Furthermore, the density functional theory (DFT) calculations of the iodide compounds demonstrated that the highest occupied molecular orbital (HOMO) was localised on the iodide and the lowest unoccupied molecular orbital (LUMO) was localised on the cationic π-system. The HOMO was positioned over the iodide anion due to the higher-lying non-bonding frontier orbitals of iodine. Consequently, they dominate the HOMO region (HOMO−1, HOMO−2). Contrastingly, both the HOMO and the LUMO were located on the cationic π-system in the case of the hexafluorophosphate compounds. The PF₆⁻ anion possesses the low-lying orbitals as a result of the high electronegativity of fluorine and the strong P–F bonds. It refrains from contributing frontier orbitals in the vicinity of the HOMO region (Fig. S43–S46, SI). This difference is the root of the external heavy-atom effect as iodide's orbitals near the HOMO facilitate spin–orbit coupling with the cationic π-system's orbitals, which promotes intersystem crossing and phosphorescence emission.

Additionally, we compared the crystal structure and solid-state packing of 3-I with that of 3-PF₆ (Fig. 4a and b).

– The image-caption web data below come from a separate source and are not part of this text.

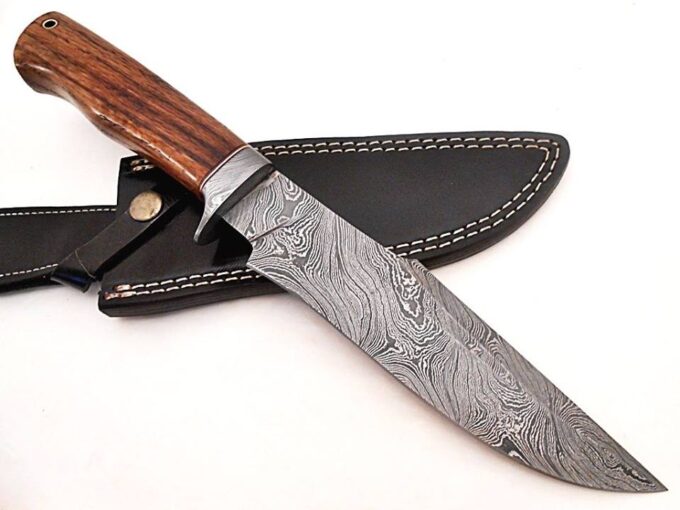 Outclass-Custom-Handmade-Damascus-Steel-Hunting-Knife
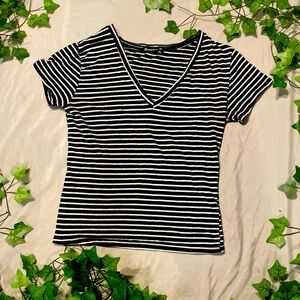 Black and white popular 21 t-shirt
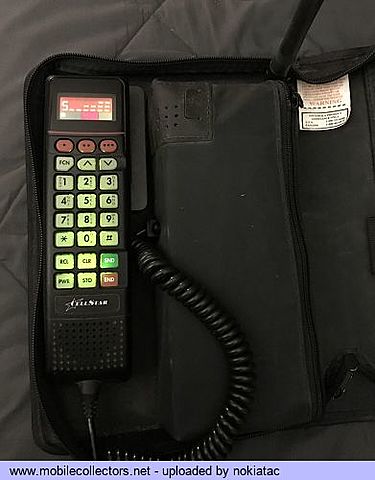 Motorola Bag Phone (2900)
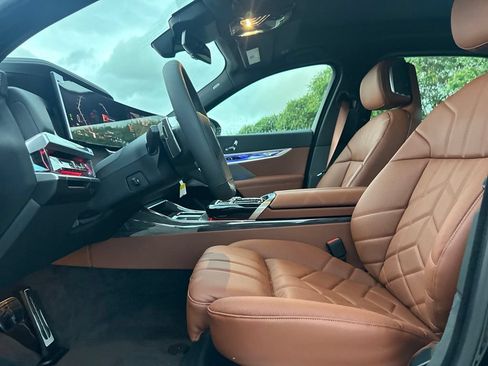 New 2026 BMW 750e xDrive w/ Executive Package AWD/4WD image 15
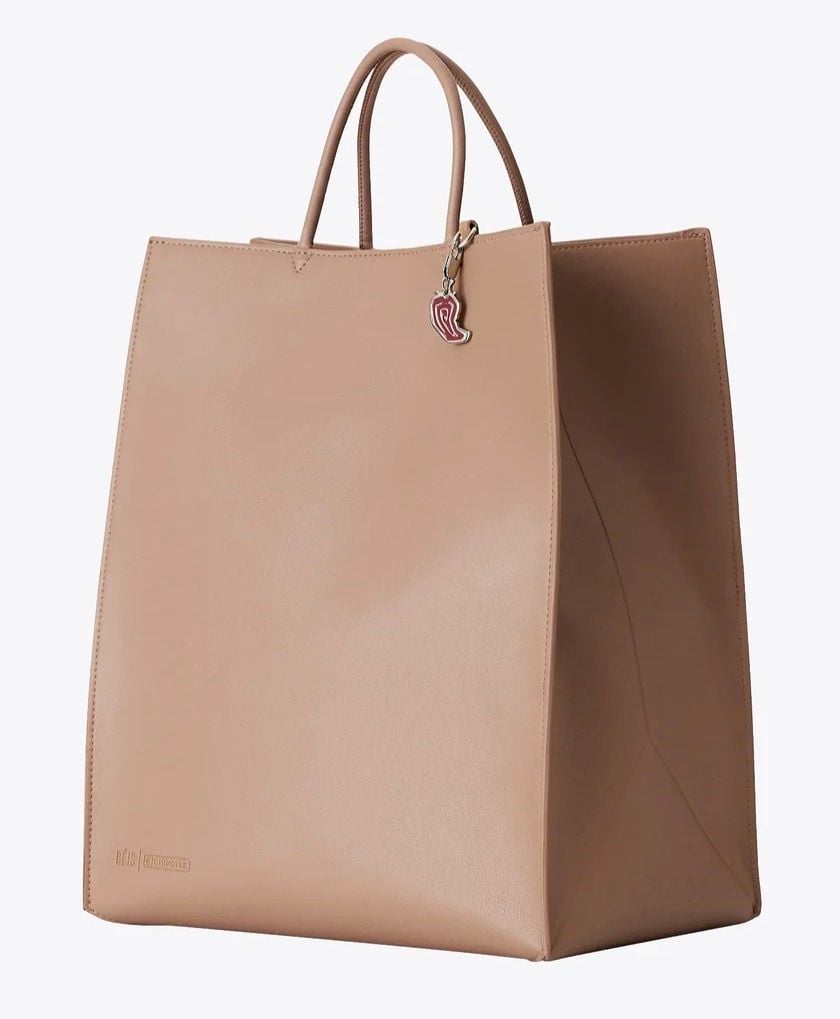 Béis x Chipotle The Take Out Bag Brown 3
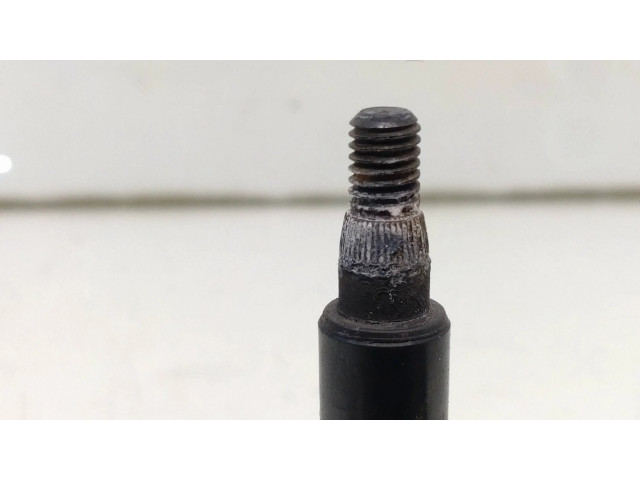 Моторчик заднего дворника 7700311590, 91165699    Renault Trafic II (X83)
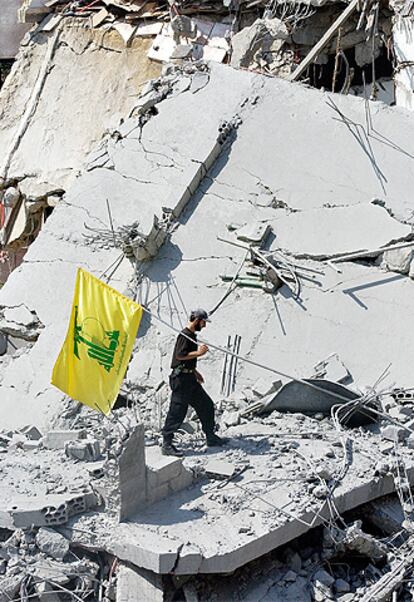 Un militante de Hezbolá enarbola una bandera de la milicia en Sidón.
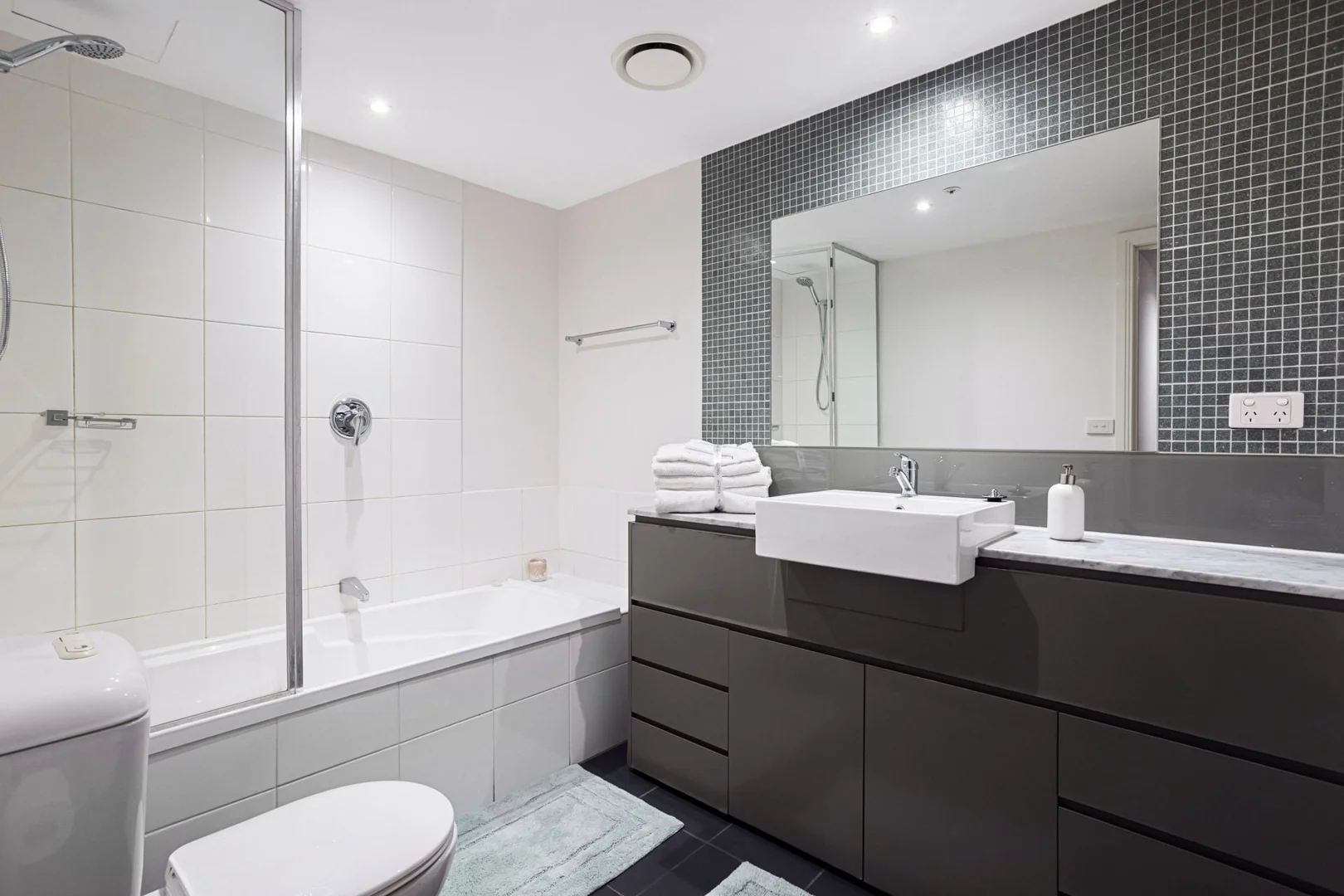 Additional image 5 of 2112/222 Russell St, Melbourne VIC 3000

In 3-PF₆, the distances between the two counter anions and the oxazole core were 2.924 Å and 2.867 Å. In 3-I, these distances became 3.494 Å and 3.634 Å. The torsional angles between the phenyl rings and the oxazole core at C1, C2, C3, and C4 changed as well. The torsional angles for 3-PF₆ at C1, C2, C3, and C4 were 62.02°, 61.56°, 23.46°, and 74.24°, respectively. But when iodide was present as an anion, they were 67.98°, 72.88°, 13.49°, and 81.86°, respectively (Fig. 4a and b). Also, there was a significant alteration in the solid-state packing arrangement from hexafluorophosphate to iodide compounds. In the presence of the hexafluorophosphate anion, there was a twisted arrangement of the molecules, due to which the non-covalent interactions between the hexafluorophosphate and hydrogen atoms of the phenyl rings were in the range of 2.5–2.7 Å (Fig. 4c). However, in the case of the iodide compound, such twisted molecular arrangement was absent. Only layered structures were identified, with non-covalent interactions between the iodide anion and hydrogen atoms of the phenyl groups in the range of 3.1–3.6 Å (Fig. 4d). The crystal structures of 1-I and 2-I were also analysed, where only one counter-anion was found to interact with the oxazole core (Fig. S34–S36, SI). Overall, the comparative analysis of the crystal structures and crystal-packing of both hexafluorophosphate and iodide salts provided crucial insights into the structure–property relationships, governing the changes in the photophysical properties. The crystallographic data revealed how different counter-anions influenced molecular packing and intermolecular distances, thereby providing a structural basis for the observed modifications of the spectroscopic features.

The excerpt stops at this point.